How to conduct a SWOT analysis for a small business

Conducting a SWOT analysis periodically allows you to consider all of your business’s strengths, weaknesses, opportunities, and threats as you fine-tune your business strategy.

Swot 101

A Strengths, Weaknesses, Opportunities, and Threats (SWOT) analysis typically consists of a grid to help identify these important components:

  • Strength – a positive, internal aspect of your business that’s within your control. A strength could be something that your business is great at, your team’s knowledge and experience, your access to credit or your intellectual property or location.

  • Weakness – a negative, internal aspect of your business that’s within your control. A weakness might be uninterested staff, a lack of experience, a heavy debt, tax burden or obsolete technology.

  • Opportunity – similar to strengths except they’re external, positive factors that could be leveraged to your business’s advantage. For example, an extended drought could be considered an opportunity if your business produces water-saving devices.

  • Threat – similar to weaknesses except they’re external, negative factors that could harm your business. For example, the same extended drought could be considered a threat if your business sells thirsty tropical plants or turf.

The SWOT analysis template, which you can download for free, provides you with an easy way to break down an issue based on your business’s specific strengths, weaknesses, opportunities, and threats.

Use the template to analyse a single issue. We recommend identifying the issue and presenting it as a short, easy-to-understand sentence such as:

  • export widgets to Thailand

  • print product labels in-house

  • license our products to third parties.

Once the issue being assessed has been defined, the SWOT analysis template can be used to consider various criteria. Criteria for consideration could be resources, quality control and business capability, competitors, market demand, political effects, partnerships, and even legislative effects. This is along with any relevant strengths, weaknesses, opportunities, and threats, of course.

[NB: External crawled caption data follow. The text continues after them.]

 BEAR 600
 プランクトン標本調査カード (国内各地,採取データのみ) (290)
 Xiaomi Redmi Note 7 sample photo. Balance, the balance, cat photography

Identify some of the most important criteria where businesses are either strong or weak. Identify criteria that may pose either an opportunity or a threat. These considerations should prompt you to think about your business’s strengths, weaknesses, opportunities, and threats as they relate to the issue being analysed. These prompts may surprise you, revealing insights you might not have considered otherwise.

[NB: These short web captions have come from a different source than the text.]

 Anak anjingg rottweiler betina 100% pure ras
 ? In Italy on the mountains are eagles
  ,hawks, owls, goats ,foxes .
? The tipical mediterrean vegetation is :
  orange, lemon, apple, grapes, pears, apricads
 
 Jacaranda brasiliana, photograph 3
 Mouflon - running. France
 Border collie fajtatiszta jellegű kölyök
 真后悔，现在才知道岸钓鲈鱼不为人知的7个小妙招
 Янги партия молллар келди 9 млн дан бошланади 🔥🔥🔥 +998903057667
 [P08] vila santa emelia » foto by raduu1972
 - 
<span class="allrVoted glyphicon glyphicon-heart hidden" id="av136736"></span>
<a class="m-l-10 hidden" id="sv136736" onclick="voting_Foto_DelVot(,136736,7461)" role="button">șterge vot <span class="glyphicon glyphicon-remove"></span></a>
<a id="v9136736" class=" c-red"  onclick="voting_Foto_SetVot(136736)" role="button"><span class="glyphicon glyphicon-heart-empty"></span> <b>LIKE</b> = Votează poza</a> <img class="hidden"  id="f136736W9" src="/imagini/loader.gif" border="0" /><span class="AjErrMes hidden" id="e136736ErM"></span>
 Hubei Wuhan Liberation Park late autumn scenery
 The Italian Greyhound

After conducting your SWOT analysis, you’ll have a set of objective insights that you can use to make smarter strategic decisions.

How to use the swot analysis template

Using a SWOT analysis template is easy. Here are a few steps you can follow:

Step 1

Define the issue that you’re assessing. 

Step 2

Determine if your business is strong or weak. Enter your strengths and weaknesses accordingly. 

Step 3

Determine whether an opportunity or threat exists. Again, if you think of any other external factors that could pose either an opportunity or threat, add them to your analysis.

Step 4

Analyse your strengths and weaknesses. Ask yourself:

  • Are there any strengths that you’re underutilising?

  • Do you have any weaknesses that you could easily fix?

Step 5

Analyse your opportunities and threats. Ask yourself:

  • Are there any opportunities you could use to your business’s advantage?

  • Do your strengths support such a move?

  • Will you need to strengthen your weaknesses in order to leverage an opportunity?

  • How might the threats you’ve identified affect your business?

  • What steps can you take to mitigate those threats?

  • Is it possible to turn those threats into an opportunity?

Spending time analysing your strengths, weaknesses, opportunities, and threats is a worthwhile activity that aids in decision-making and strategic planning.

Use a SWOT analysis template whenever you have a decision to make – or when you want to ensure your business is taking advantage of its strengths and opportunities while minimising its weaknesses and threats.